Start of Given records

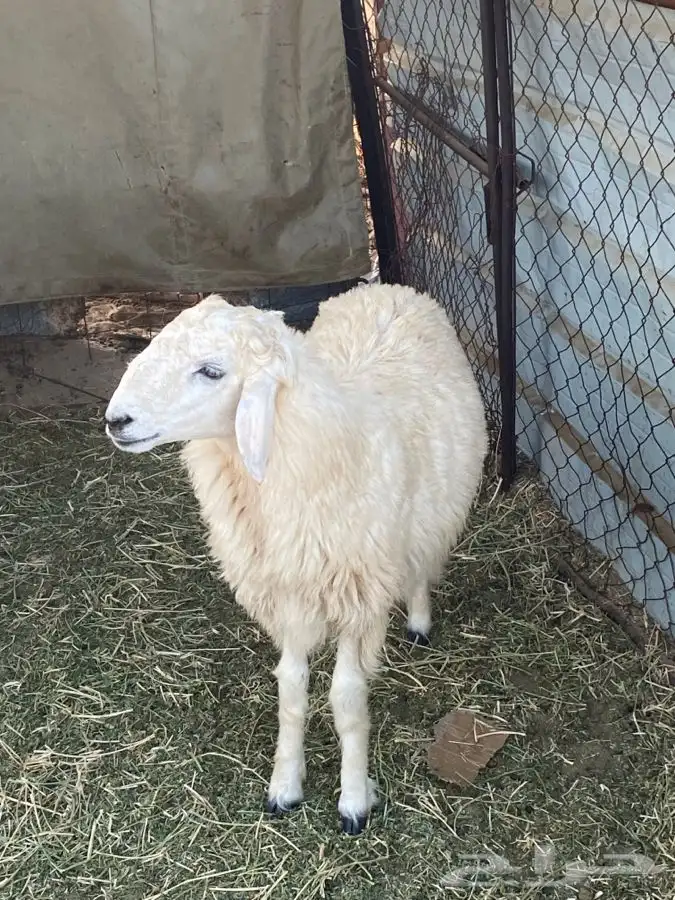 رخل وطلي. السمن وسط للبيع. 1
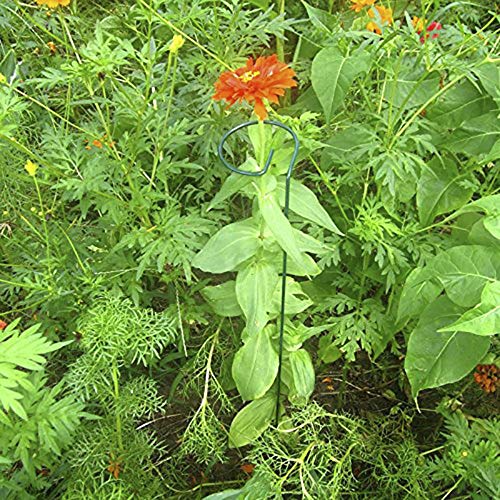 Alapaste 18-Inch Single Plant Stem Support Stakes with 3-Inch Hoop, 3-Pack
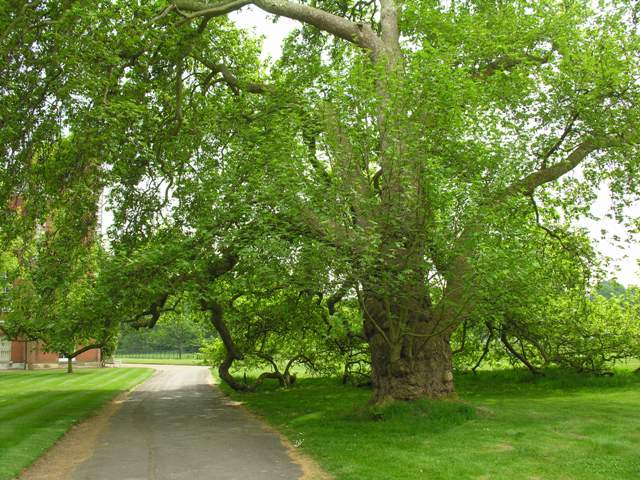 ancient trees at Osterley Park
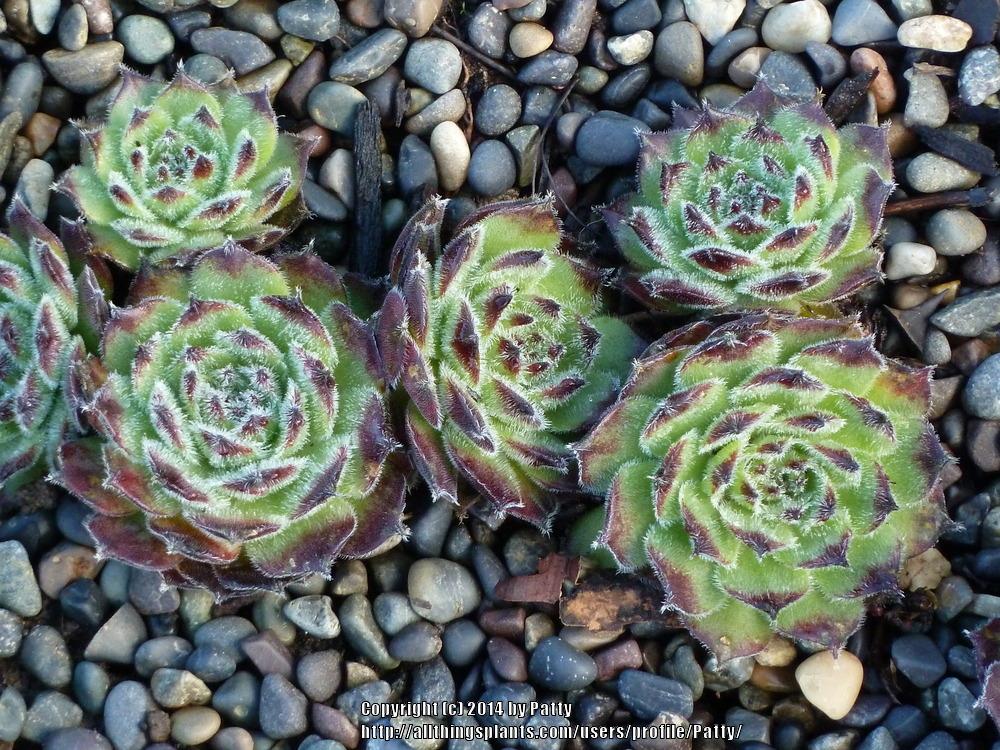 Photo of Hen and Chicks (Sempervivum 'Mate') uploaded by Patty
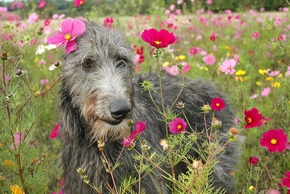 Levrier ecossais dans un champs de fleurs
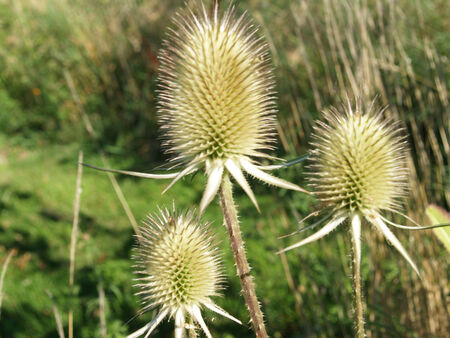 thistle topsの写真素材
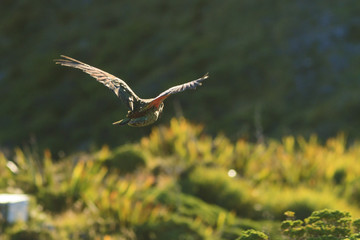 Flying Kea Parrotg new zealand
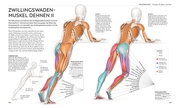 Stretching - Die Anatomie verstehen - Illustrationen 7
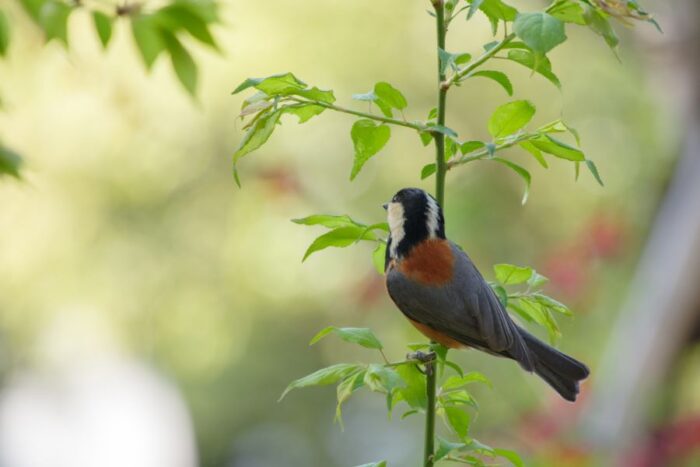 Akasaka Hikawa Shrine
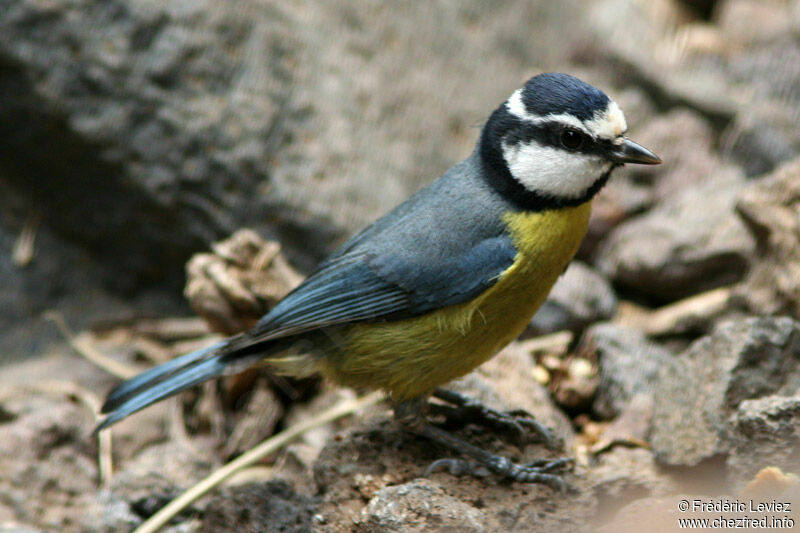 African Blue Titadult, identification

End of Given records

• **Work order**
Repeat the full listing above exactly, with no pictures in the copy.

• **Your solution**
 رخل وطلي. السمن وسط للبيع. 1
 Alapaste 18-Inch Single Plant Stem Support Stakes with 3-Inch Hoop, 3-Pack
 ancient trees at Osterley Park
 Photo of Hen and Chicks (Sempervivum 'Mate') uploaded by Patty
 Levrier ecossais dans un champs de fleurs
 thistle topsの写真素材
 Flying Kea Parrotg new zealand
 Stretching - Die Anatomie verstehen - Illustrationen 7
 Akasaka Hikawa Shrine
 African Blue Titadult, identification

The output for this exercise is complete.